Anne has a fever, sweating and crying out because of the pain, so much so that another classmate comes in to check on her. Although in previous scenes, Olivia (Louise Chevillotte) was accusing Anne of being a ‘loose’ woman and a bad influence on other students, in this scene, she helps Anne without a second thought. When the abortion works, Olivia helps Anne cut the umbilical cord (in a particularly graphic scene – it is not for the easily squeamish viewer) with scissors from her dorm room. Consequently, Olivia calls for help, which leads to Anne being taken to the hospital. We learned from Laetitia that being taken to the hospital can be very dangerous. If the doctor labels the abortion as a miscarriage, the woman is safe. But if the doctor labels it as an abortion, and the woman lives, she’s imprisoned for violating the law.

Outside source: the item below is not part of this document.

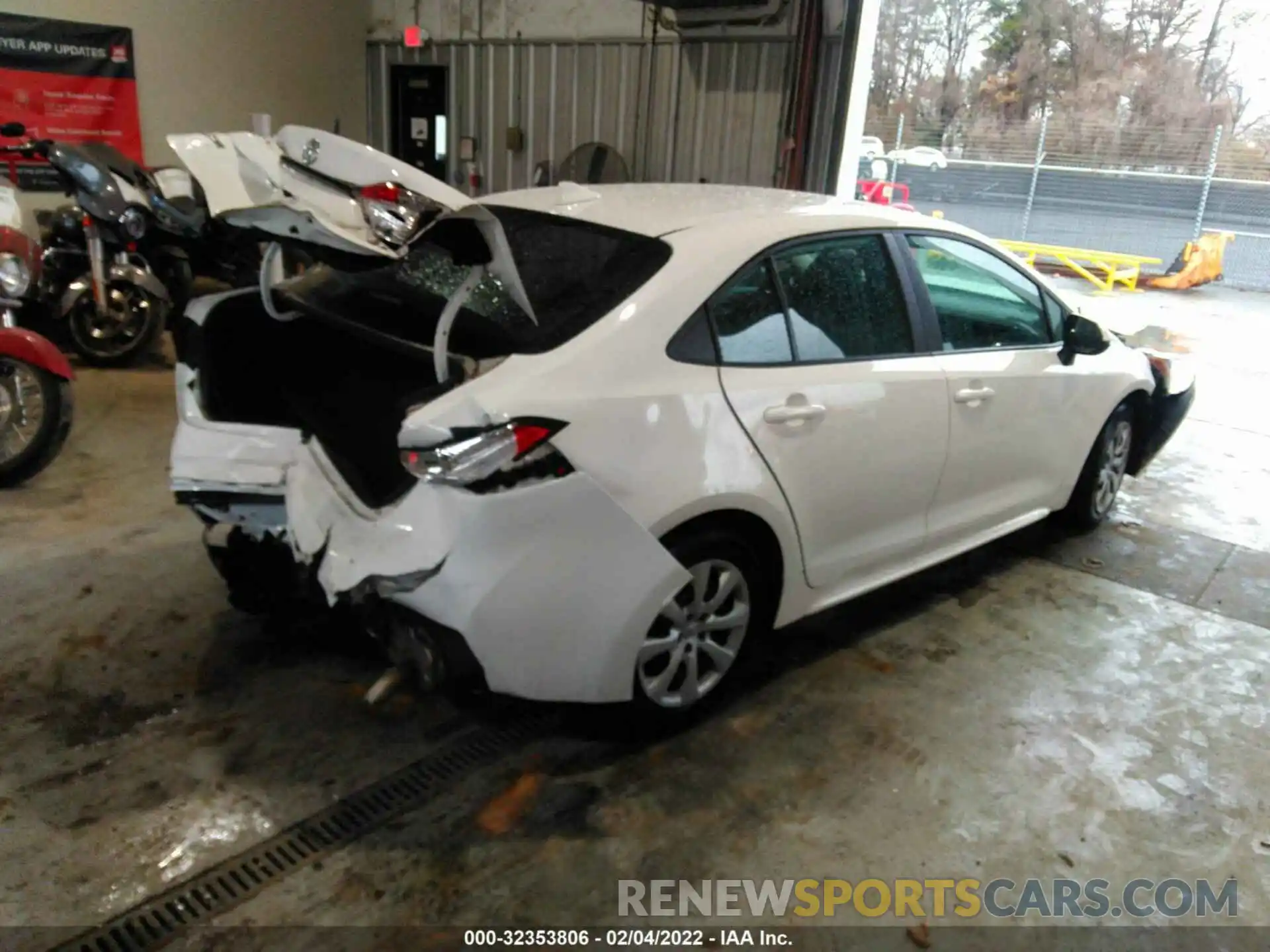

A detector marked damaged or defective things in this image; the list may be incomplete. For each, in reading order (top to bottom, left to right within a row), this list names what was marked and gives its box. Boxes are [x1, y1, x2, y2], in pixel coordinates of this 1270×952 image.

shattered taillight [357, 182, 426, 247]
severe rear damage [169, 201, 688, 703]
shattered taillight [400, 418, 574, 492]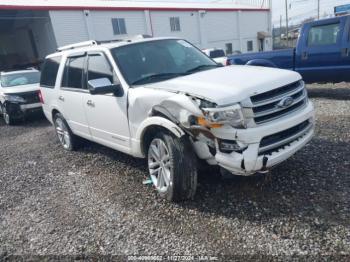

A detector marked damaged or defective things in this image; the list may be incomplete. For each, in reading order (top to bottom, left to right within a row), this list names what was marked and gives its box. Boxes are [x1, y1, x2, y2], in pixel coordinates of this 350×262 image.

Happening is a harrowing story based on Annie Ernaux’s autobiographical novel. Despite the nostalgic film style and otherwise vivid symbolism throughout the movie, Happening is not a film to watch lightly. It’s something that changes you afterward, no matter your opinion on its quality. And what excellent quality it was. Put this one in your queue after watching documentaries on abortion and you’ll be sure to see first-hand of difficult it was, and maybe will be.